Page 1 of 1

Review column analysis results in 'domain & Completeness

Posted: Thu Jul 19, 2012 10:09 am
by akonda
Hello,

I've done column Analysis using information analyzer. Now I'm trying to review the analysis in Frequency distribution -> 'domain & Completeness'. since I have millions records, its hard to go thru every entry. Is there a way to write a condition for each column and get the review done. like if the City name contains numeric values make the status invalid else valid.

Example:

Atlanta- Valid
Atalata12345- Invalid
atla- default

Posted: Thu Jul 19, 2012 12:31 pm
by stuartjvnorton
Under domain you can set valid ranges or use a list of valid results (ie for AU you could load in the Aus Post locality DB), and for format you can mark invalid patterns, but you can't use custom rules in here. Would be a handy thing though...

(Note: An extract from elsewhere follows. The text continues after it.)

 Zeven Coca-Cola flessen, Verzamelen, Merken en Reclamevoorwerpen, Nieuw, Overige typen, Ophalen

Posted: Thu Jul 19, 2012 1:57 pm
by akonda
Thanks for your reply.

Is it possible to change the status for multiple columns at a time. ?

Apperently, not possible but just want to make sure that I m not missing the fecility in the tool.

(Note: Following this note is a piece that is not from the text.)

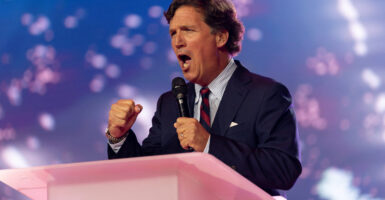 Tucker Carlson with fists clenched speaks at pink podium.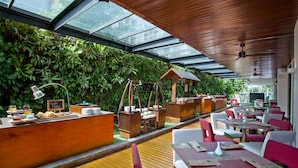 Un restaurante con mostrador de madera, sillas rojas y blancas, y una pared verde con plantas.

Posted: Wed Jul 25, 2012 7:24 pm
by stuartjvnorton
No you can't and I'm not sure why you'd want to.

Sure it would be quicker, but it only makes sense if you don't plan on reviewing the results you just produced. Which doesn't make sense.

Posted: Thu Jul 26, 2012 6:24 pm
by vmcburney
Have a look at DQ rules in Information Analyzer - I would recommend version 8.7 rollup 1. This lets you create the type of DQ rules you are looking for where the rule is defined as a multi criteria statement and it produces data quality metrics. For data that has millions of rows you will find DQ rules more effective than manual data checking. You can then bind these city rules to different instances of city columns.

Have a look at this article on pre-built address rules:
Using pre-built rule definitions with IBM InfoSphere Information Analyzer

You will also find QualityStage more suitable to cleansing these fields - so standardising Atalata into Atlanta.

Posted: Fri Jul 27, 2012 4:51 pm
by ray.wurlod
There are some consoles coming along to aid with managing these rules.

Can't tell you when, but they're in development now.